Although the observational nature of our data prevents us from drawing conclusions of causality, our results have several implications for health policy. First, given the association between number of hours spent providing informal care and caregiver mental health, respite care and similar initiatives is urgently needed to help reduce the family burden and improve caregiver well-being. Second, our results suggest that many families caring for a person with DMD require increased financial support to help shoulder the considerable cost burden associated with the disease, of particular importance given the association between annual household costs and caregiver anxiety and depression demonstrated in this study. It should be noted however that some family caregivers may increase their spending because they are feeling depressed or anxious (to help improve the situation of their child), not vice versa. Third, psychosocial support for caregivers and families must be improved, especially given the poor coverage of these types of services among patients as described in our previous work [23].
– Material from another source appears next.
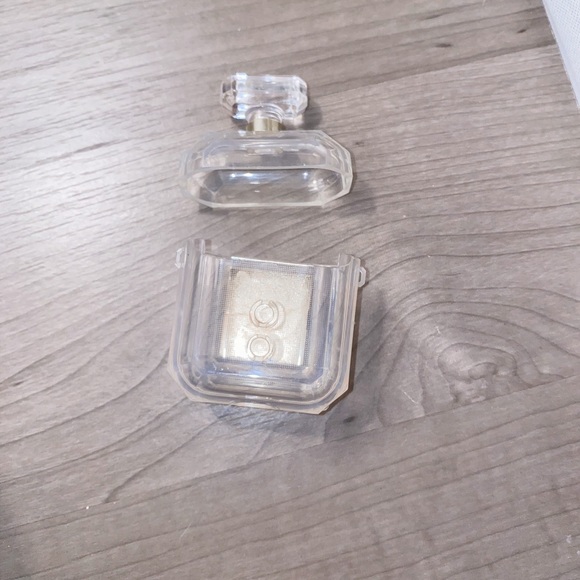 Airpods 1/2/3 Clear Silicone Case - Picture 5 of 6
Primary strengths of our study include a multinational sample, comprising patients with DMD only (as compared to mixed cohorts of neuromuscular disorders), of sufficient power to enable meaningful stratification across both disease stage and patients’ perceived health and mental status. We found patient clinical data to be characteristic for the different ambulatory classes and the distribution of age similar for responders and non-responders (not reported), indicating that any discrepancy between our patient sample and the general DMD population would be limited. We chose to recruit patients via the TREAT-NMD national DMD registries, which accept registration on a voluntary basis from patients and families with a mutation-confirmed diagnosis of DMD. Although participation in the registries is family initiated, and therefore more likely to be sought by motivated families, the registry-based approach allowed an unbiased sample to be obtained with respect to attendance at any one clinic or restriction to any one domain with potentially different care practices. Our questionnaire was returned with a mean response rate of 42 % which is comparable to other surveys sent out via this kind of route: indeed it is also worth pointing out that the response rate among those who actually received a study invitation would be expected to be notably higher as a result of, e.g., lost invitations due to recent changes to email addresses and spam filters. This also means that our burden estimates should be viewed as conservative, as very distressed caregivers may not have had time nor energy to participate. Despite some limitations in the methodology therefore we believe that this strategy has given us the best possible chance of a generalizable view of burden of care in DMD and an unprecedented glimpse into a large sample size in a rare disease.

Conclusions

We show that caring for a person with DMD can be associated with a substantial burden and markedly impaired HRQL. Our data underscore the need for healthcare practitioners involved in the medical management of DMD to also pay attention to caregiver mental health, in particular when the health and mental status of the patient is perceived as poor. Our findings emphasize the need for a holistic approach to family mental health in the context of chronic childhood disease.